Insulin is a hormone which transports sugar into cells, where the sugar is converted into energy. In people with type 2 diabetes, insulin performs this function less effectively. The insulin is still there, it just doesn't work as well. This causes an increase in blood sugar and is termed "insulin resistance." As people age, diabetic or not, their insulin resistance tends to rise.

Foods richest in vitamin K are dark-green leafy vegetables (kale, spinach and collard greens) and cruciferous vegetables (brussels sprouts and broccoli).

In a study of 355 non-diabetic men and women, aged 60 to 80, vitamin K significantly slowed this rise in men, but not in women. At the study's end, in addition to improved insulin resistance, the men who took vitamin K also had lower blood insulin levels than men who took no vitamin K. A rise in blood insulin is often a sign of increased insulin resistance, as the body tries to compensate for the reduced effectiveness of the insulin by producing more of it. A high enough insulin resistance can cause blood sugar to rise to a diabetic level.

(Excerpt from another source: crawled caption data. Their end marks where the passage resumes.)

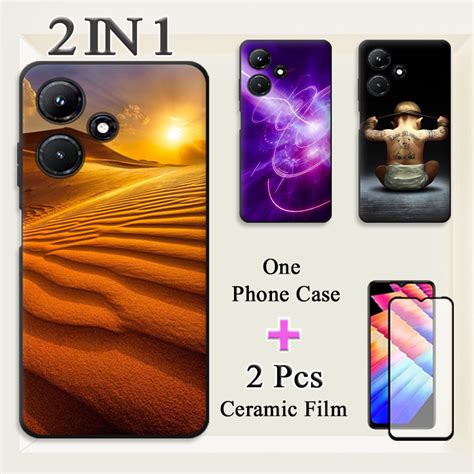 In Infinix Hot G X Silicone Phone Case With Tempered Glass Curved Ceramic Screen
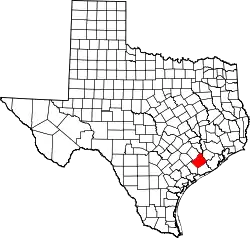 Karte von Wharton County innerhalb von Texas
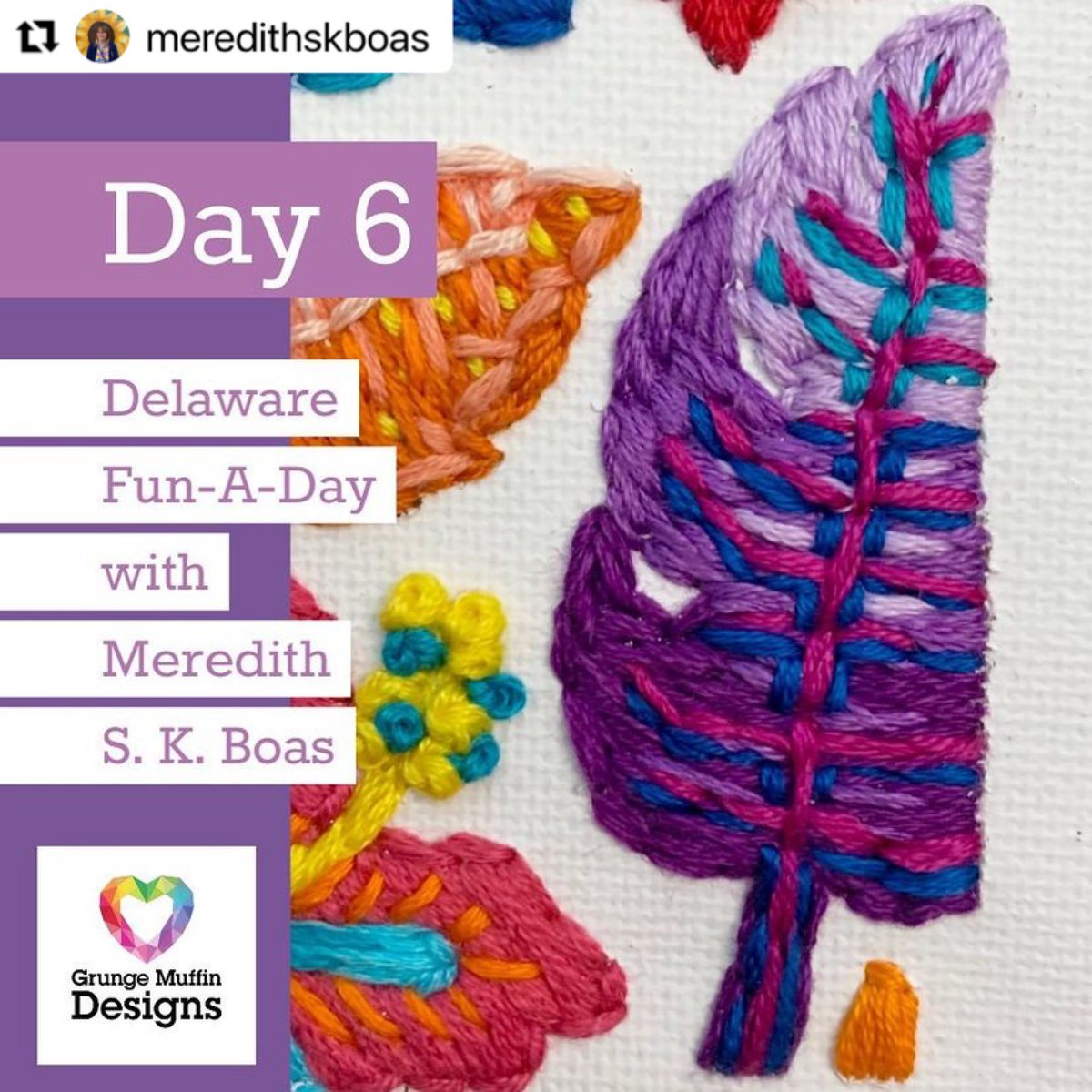 Re-sharing from @meredithskboas (one of the DEFAD organizers)…

Day 6 of my <a href="/delawarefunaday/">Delaware Fun-A-Day</a> 2022 project. Adding more and more to one embroidery work each day in July. Today was a purple leaf on the very edge.
#delaware #delawarefunaday #delawarefunaday2022 #defad2022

There has been little previous research into the relationship between vitamin K and insulin; this particular study was originally designed to test the effect of vitamin K on bone mineral density.

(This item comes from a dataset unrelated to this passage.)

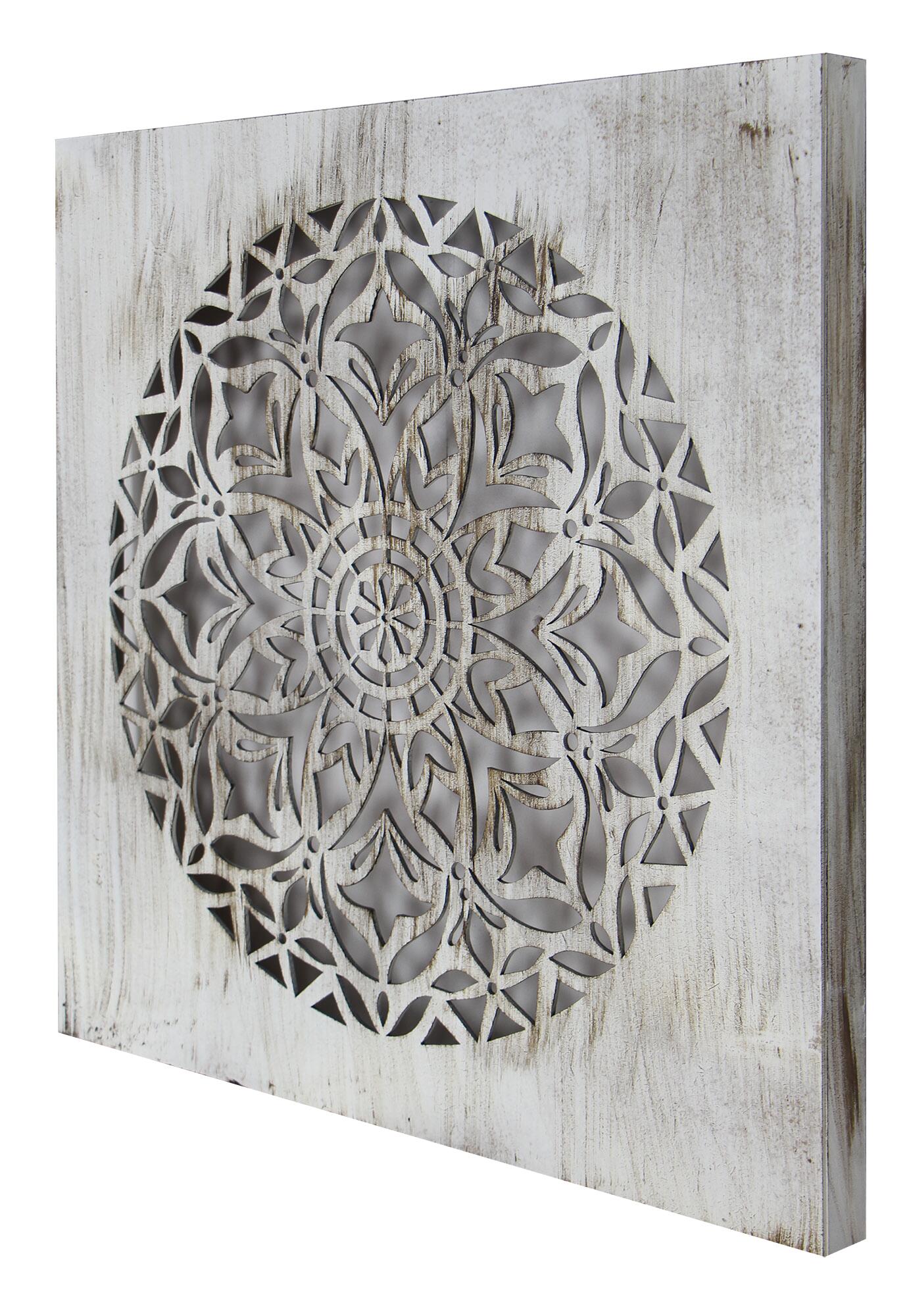 Objeto decorativo sin marco Geométrico cuadrada de 40 x 40 cm. MDF Mosaico blanco envejecido - 5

The currently recommended intake of vitamin K is 130 micrograms daily for men aged 19-70 and 90 micrograms for women aged 19-70. The study participants who received vitamin K received it as a 500 microgram dietary supplement. The study authors point out that this amount can also be obtained from eating a diet rich in vitamin K. Foods richest in vitamin K are dark-green leafy vegetables (kale, spinach and collard greens) and cruciferous vegetables (brussels sprouts and broccoli).

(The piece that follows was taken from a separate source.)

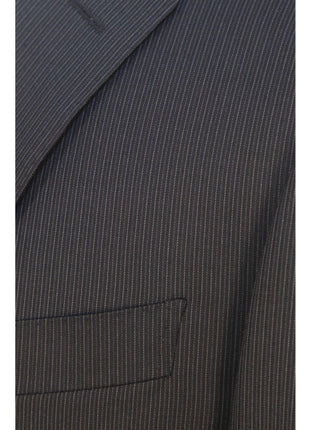 Canali Mens 40R Drop 8 Black Striped 100% Wool Slim Fit 2 Piece Suit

The authors also point out that the results were from a sample group of elderly adults, most of whom were Caucasian, and thus may not apply to the general populace. A possible explanation for the lack of effect of vitamin K seen on women has to do with the fact that any of the women in the study were obese or overweight. Vitamin K is a fat-soluble vitamin, and in the presence of excess fat there may be less vitamin K circulating in the bloodstream.

Vitamin K is instrumental in the blood clotting process and strongly interferes with the action of blood thinning medications such as warfarin (Coumadin®). Anyone taking this type of medication should not attempt to alter their vitamin K consumption without first discussing it with their doctor.

The study participants were advised to maintain their usual diets and to avoid taking dietary supplements other than those provided to them by the study team. All participants received a multivitamin supplement, to be taken daily. The control group's supplement contained no vitamin K, while the experimental group's supplement contained 500 micrograms of vitamin K. All participants also received a second daily supplement containing calcium and vitamin D. Blood samples were taken and analyzed six and 36 months into the study.

The research was conducted at the Jean Mayer Human Nutrition Research Center on Aging at Tufts University. The study results were published in the November 2008 issue of Diabetes Care.